- _What this task involves_: Within the listing below, please copy exactly the lines between the line holding "You have two" and the line holding "Hey everyone, this", inclusive.

- _Listed entries_:
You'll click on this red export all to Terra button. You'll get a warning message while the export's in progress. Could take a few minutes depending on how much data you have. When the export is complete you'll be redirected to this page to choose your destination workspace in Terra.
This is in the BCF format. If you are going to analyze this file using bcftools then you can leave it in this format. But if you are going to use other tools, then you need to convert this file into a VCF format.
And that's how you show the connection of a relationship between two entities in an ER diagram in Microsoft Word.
...
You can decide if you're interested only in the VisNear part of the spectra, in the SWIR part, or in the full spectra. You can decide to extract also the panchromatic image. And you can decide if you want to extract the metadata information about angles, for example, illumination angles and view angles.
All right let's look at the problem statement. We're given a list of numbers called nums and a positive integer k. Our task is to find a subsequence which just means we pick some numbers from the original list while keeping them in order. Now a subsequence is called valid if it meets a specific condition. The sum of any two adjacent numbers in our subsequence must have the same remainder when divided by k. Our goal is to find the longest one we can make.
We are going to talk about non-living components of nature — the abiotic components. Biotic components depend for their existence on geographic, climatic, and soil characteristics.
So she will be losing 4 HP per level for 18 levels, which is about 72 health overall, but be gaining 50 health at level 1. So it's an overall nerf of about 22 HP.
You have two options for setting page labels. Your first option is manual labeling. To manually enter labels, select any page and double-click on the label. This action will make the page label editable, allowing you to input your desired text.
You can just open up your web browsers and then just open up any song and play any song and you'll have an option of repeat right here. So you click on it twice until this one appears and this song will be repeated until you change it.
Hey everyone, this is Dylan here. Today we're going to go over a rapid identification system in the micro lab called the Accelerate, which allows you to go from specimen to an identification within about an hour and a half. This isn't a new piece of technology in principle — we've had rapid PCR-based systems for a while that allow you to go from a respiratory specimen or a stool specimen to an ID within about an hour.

- _Written response_:
You have two options for setting page labels. Your first option is manual labeling. To manually enter labels, select any page and double-click on the label. This action will make the page label editable, allowing you to input your desired text.
You can just open up your web browsers and then just open up any song and play any song and you'll have an option of repeat right here. So you click on it twice until this one appears and this song will be repeated until you change it.
Hey everyone, this is Dylan here. Today we're going to go over a rapid identification system in the micro lab called the Accelerate, which allows you to go from specimen to an identification within about an hour and a half. This isn't a new piece of technology in principle — we've had rapid PCR-based systems for a while that allow you to go from a respiratory specimen or a stool specimen to an ID within about an hour.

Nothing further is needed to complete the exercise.